El ritual tradicional, el que conmemora la Leyenda Vallenata, comienza a las 8 de la mañana con una misa dedicada totalmente a alabar a María.

“Es María la blanca paloma”, cantan adentro de la catedral los que llegaron primero, la ceremonia se escucha por toda la cuadra alrededor, donde personas vestidas de indios (algunos con atuendos completos, otros con simple bata blanca y cinta roja en la frente) esperan la salida de la procesión. Afuera es difícil concentrarse, hay vendedores de souvenirs, de helados, de jugos, de arepas, de ofrendas, madres acomodándoles las cintas a los niños, pequeños agotados del calor. Es la única hora y el único lugar de Valledupar durante el Festival en el que no hay cupo para los acordeones (claro, excepto los pequeños souvenirs que ofrecen los vendedores).

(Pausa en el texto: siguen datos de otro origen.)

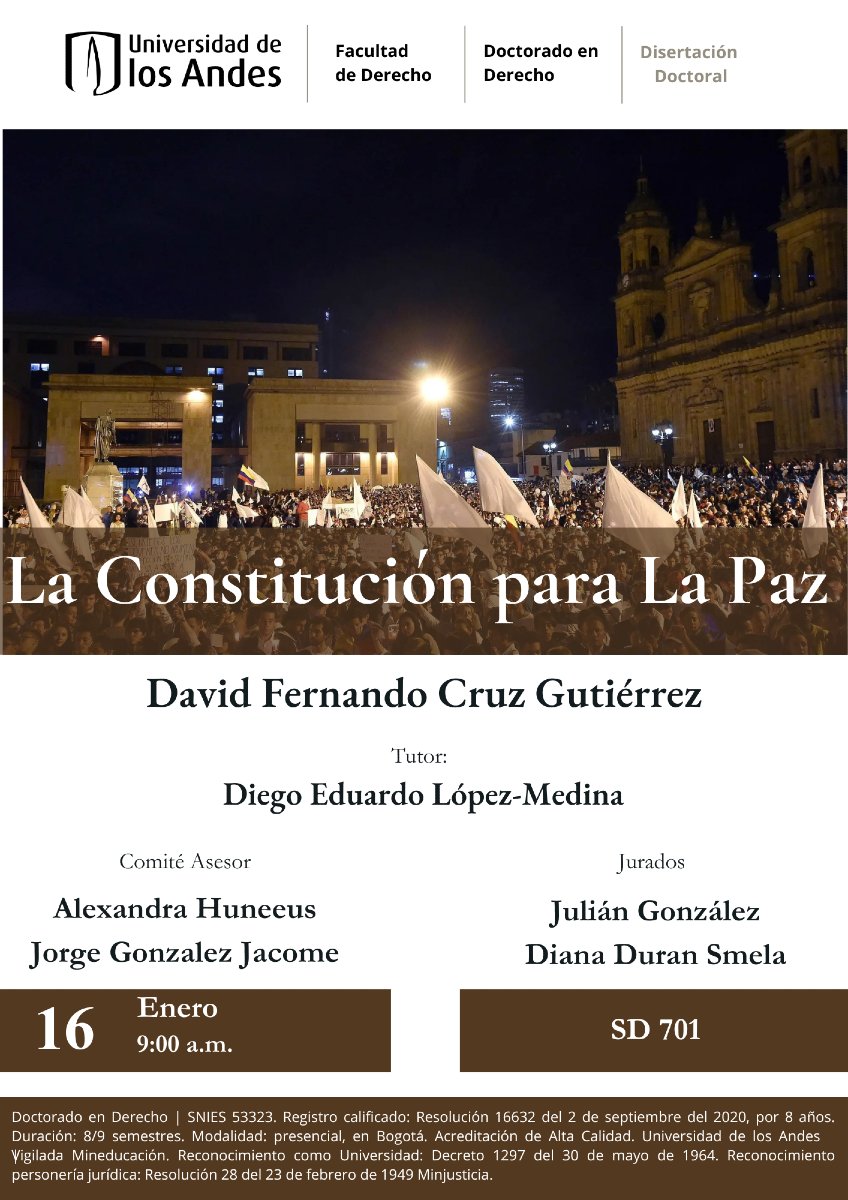 😀¡En este nuevo año iniciamos los #coloquiosdoctorales! No te pierdas el primer encuentro académico del 2025 liderado por el estudiante de nuestro Doctorado en Derecho, David Fernando Cruz Gutiérrez. Inscríbete y participa bit.ly/428C44n  👈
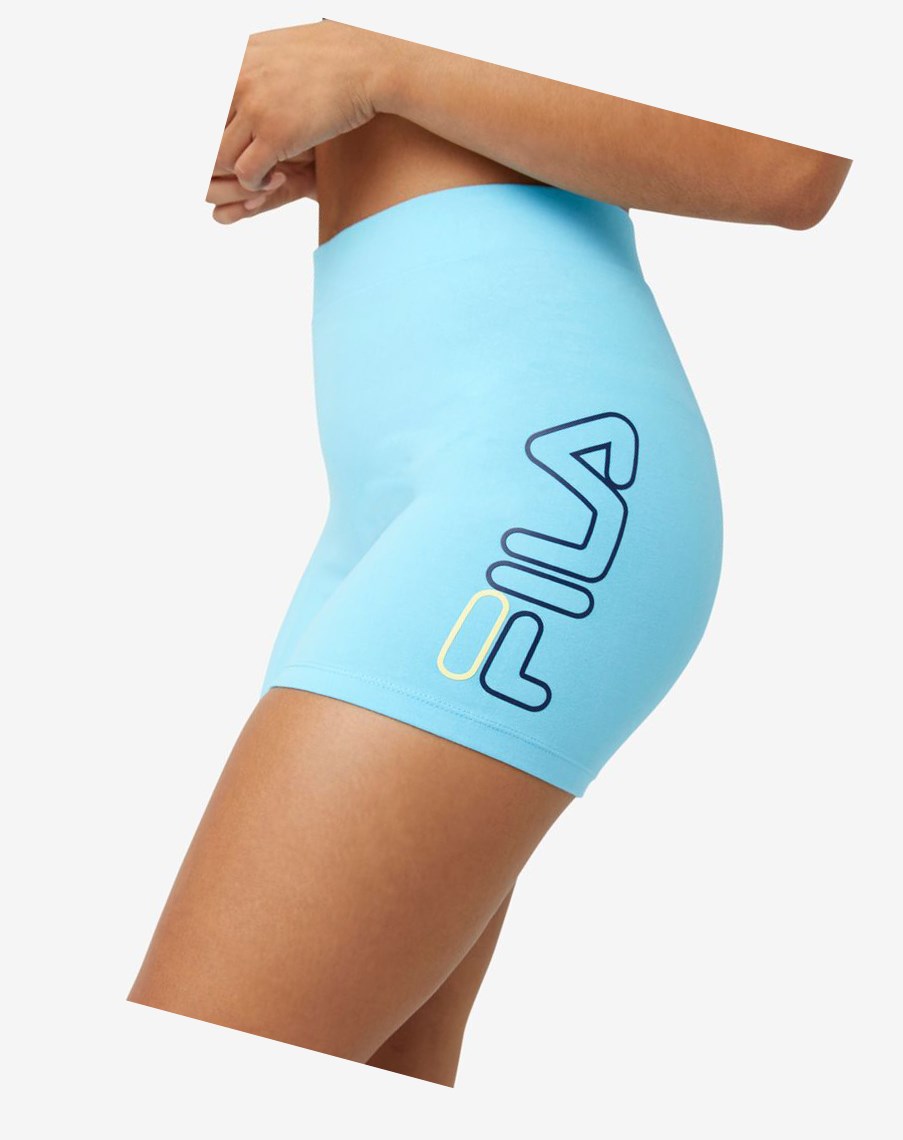 Fila Beatriz High Cintura Bike Shorts Azules | 76GHFBQZU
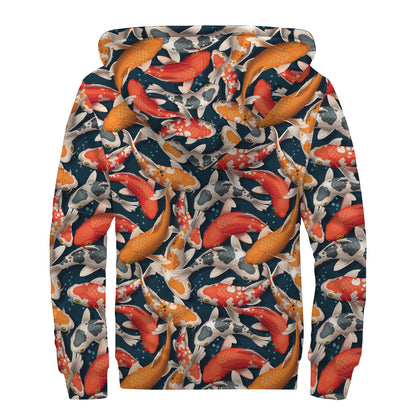 Koi Carp Pattern Print Sherpa Lined Zip Up Hoodie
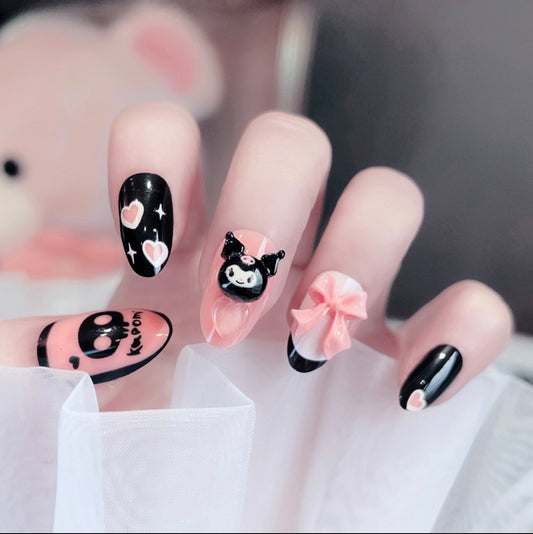 F32 Kuromi Black & Pink Bow Heart SHORT NAIL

Afuera, también, las monjitas clarisas venden figuritas de pan. A 500, mil y dos mil pesos. Algunas tienen formas de iguana, otras de tortuga, otros panes adoptan formas un poco más religiosas: el Sagrado Corazón de Jesús, por ejemplo. “Es pan aliñado –dice una tímida monjita que al principio no quiere salir en las fotos-. Se prepara el día anterior. Lo hacemos nosotras”.

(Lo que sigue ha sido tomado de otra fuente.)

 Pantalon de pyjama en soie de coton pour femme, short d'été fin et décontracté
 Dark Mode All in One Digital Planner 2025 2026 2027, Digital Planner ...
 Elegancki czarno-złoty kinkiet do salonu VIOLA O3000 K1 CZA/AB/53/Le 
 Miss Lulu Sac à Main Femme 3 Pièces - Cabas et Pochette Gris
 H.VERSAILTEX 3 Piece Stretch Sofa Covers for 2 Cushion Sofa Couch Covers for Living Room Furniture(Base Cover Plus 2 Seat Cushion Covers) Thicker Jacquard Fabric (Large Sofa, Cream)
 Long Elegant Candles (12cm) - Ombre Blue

Pregunto, por qué iguanas y tortugas. “Es tradición”, responde alguien. La tradición a veces desgasta el significado inicial de las cosas. Cinco años atrás, presencié esta procesión por primera vez y ese día la preocupación era esclarecer si la gente se sabía la leyenda. Pocos la relataron como era. Esta vez no fue diferente.

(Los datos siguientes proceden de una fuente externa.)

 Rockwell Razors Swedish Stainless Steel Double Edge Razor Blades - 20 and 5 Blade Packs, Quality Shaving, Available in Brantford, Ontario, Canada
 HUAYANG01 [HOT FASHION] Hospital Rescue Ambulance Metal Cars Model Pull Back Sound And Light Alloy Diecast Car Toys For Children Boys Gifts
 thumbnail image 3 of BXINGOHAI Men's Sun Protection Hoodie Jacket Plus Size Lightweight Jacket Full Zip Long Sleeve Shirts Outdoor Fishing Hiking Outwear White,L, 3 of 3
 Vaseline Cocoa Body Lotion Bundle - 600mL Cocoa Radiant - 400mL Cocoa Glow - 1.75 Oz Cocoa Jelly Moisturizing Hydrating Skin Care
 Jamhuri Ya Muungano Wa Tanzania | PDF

Se remota a una contienda entre indios tupes y españoles. En la que la Virgen rescató milagrosamente a los españoles de morir en dos ocasiones.  La primera vez, bajo el fuego que desataron los indios en la población y la segunda, del agua envenenada.

“Ahora los indios le llevan ofrendas a la Virgen”, dijo una señora vestida de india llevando el pan de las monjitas en la mano. Son ofrendas que van desde las iguanas de pan hasta canastas de frutas enteras. Al paso de la Virgen, el pueblo en su traje de indio, las hace bendecir. “Después, uno tiene el deber de repartir esa comida entre la familia. En todo caso tiene que compartirla con la gente”, explica otra señora.

Dos horas después de haber comenzado, termina la Eucaristía y comienza la procesión. Un grupo de indios (estos sí magníficamente caracterizados) bailan por la calle, de para atrás, al ritmo de una música que siempre ha tenido el poder de hipnotizarme. Es la misma corta secuencia una y otra vez a lo largo del trayecto. Ellos van bailando abriéndole paso a la Virgen.

Detrás va el sacerdote, dirigiendo un Rosario a lo largo del camino. Detrás vienen cargando a la imagen y cada cierto paso se detienen a colgarle medallitas a la base del altar.

Varias calles más adelante hay altares cada vez más llenos de cosas. Incluso hay uno que entorno a la Biblia y la imagen de la Virgen tiene un tapete de tierra en el piso. “Se le ofrecen a la Virgen los productos que representan la región –dice otra señora-. Esa es tierra de Valledupar. Al lado está el manduco con el que se lava la ropa y la ponchera (platón); también la tinaja que se usaba para conservar el agua fresca cuando no había neveras, los cocos de acá y la leña del Brasil con las piedras que se usaban para cocinar”.